Orda et al. (3) reported one case of CBD stone caused by a fish bone, which occurred in a patient who had no history of previous abdominal surgery. In their case, the presence of a choledochoduodenal fistula, which acted as the route of migration for a fish bone originating from the intestinal tract, was demonstrated by endoscopic retrograde cholangiopancreatography (ERCP). In contrast to their case, no choledochoenteric fistula was observed on the cholangiograms obtained either before or after stone removal in our cases. Prochazka et al. (2) reported two cases of choledocholithiasis caused by foreign material in patients who had not undergone any prior operation. They mentioned manometric studies of the sphincter of Oddi in patients with choledocholithiasis, and in a comparative study they found that the patients with choledocholithiasis had sequences of antegrade phasic waves in 18±5% and retrograde waves in 53±9%, while the control group of patients without choledocholithiasis had antegrade waves in 60±4% and retrograde waves only in 26±3%. They concluded that the presence of foreign material within the stones in patients without a history of previous operation could be explained by a possible reflux from the duodenum. Because there was no demonstrable choledochoenteric fistula on the cholangiogram in our cases, we retrospectively speculated that the fish bone in the CBD might be the result of reflux from the duodenum through the ampulla of Vater, although we did not perform a manometric study.

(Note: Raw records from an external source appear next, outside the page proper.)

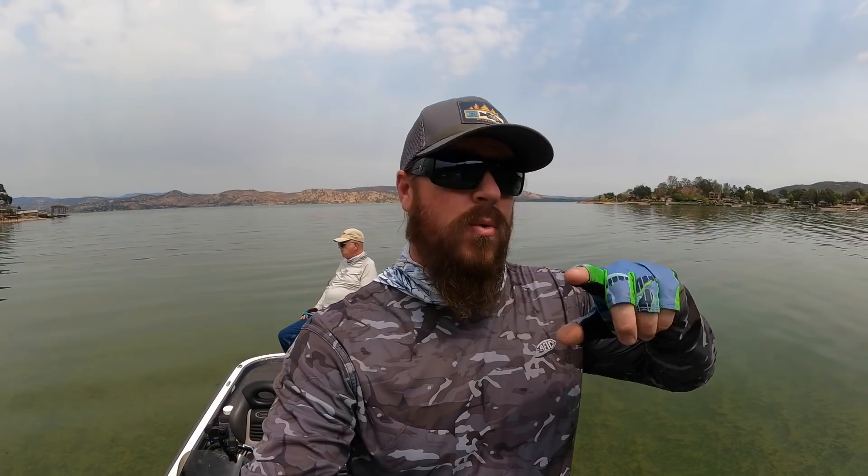All right guys, we're going to wrap it up here. It is getting hot — it's the middle of the day, heat of the day, and I think we've just plain had enough. But we caught some really nice fish today. It was good to be back on Clear Lake. I'm really glad we were able to take a break and get out here together and catch some fish. I'll link all the baits and gear. If you watch that other video, I'll link some of that travel gear and those traditional frog rods I was talking about. If you guys enjoyed the video, hit the like button, subscribe to the channel, and we'll talk to you soon.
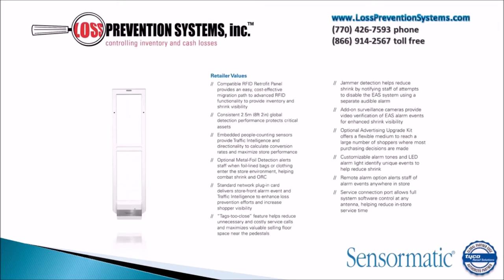The Synergy 2.5 ABS system comes with a ton of features, including an embedded people counting sensor, optional metal foil detection, standard network plug-in cards, tags-to-close features, and a jammer detection that helps prevent shrink by notifying staff of attempts to disable the EAS system itself.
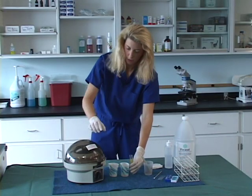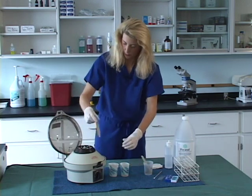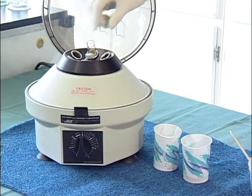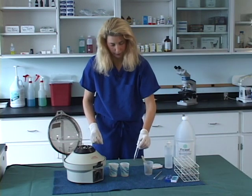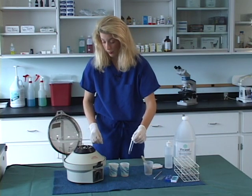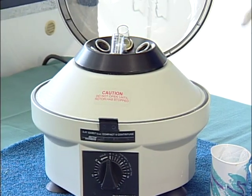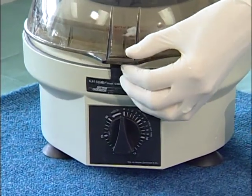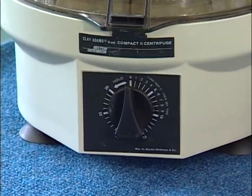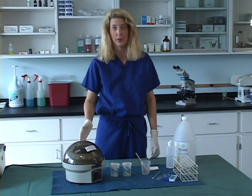Now we are going to take our centrifuge and spin this supernatant. Place it into the centrifuge, then take our balance tube and place it into the centrifuge opposite from the fecal solution tube. We are going to spin this at 1200 RPMs for 5 minutes. This is a fixed head centrifuge.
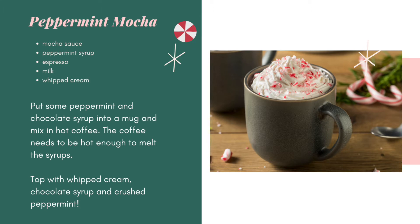For a peppermint mocha, you'll need mocha sauce, peppermint syrup, espresso or black coffee, milk, and whipped cream. Put some peppermint and chocolate syrup into a mug and mix in coffee — the coffee needs to be hot enough to melt the syrups. Top with whipped cream, chocolate syrup, and crushed peppermint. Peppermint adds to the festive flavor and look of this holiday drink.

Although their visibility varies depending on the fish species, location and orientation, ingested fish bones are poorly identified by plain radiography. CT is useful for diagnosing fish bone impaction (10). One of our cases demonstrated a unique bright dot of bone density in the stone on CT. In this particular case, the cholangiograms of the stone formed from the nidus of fish bone showed filling defects with an unusually elongated shape, because the stone was formed over a linear fish bone nidus. When CT shows a stone containing a bright dot of bone density or the cholangiogram shows an unusually elongated filling defect in the biliary tree, the possibility of a stone formed over fish bone should be considered.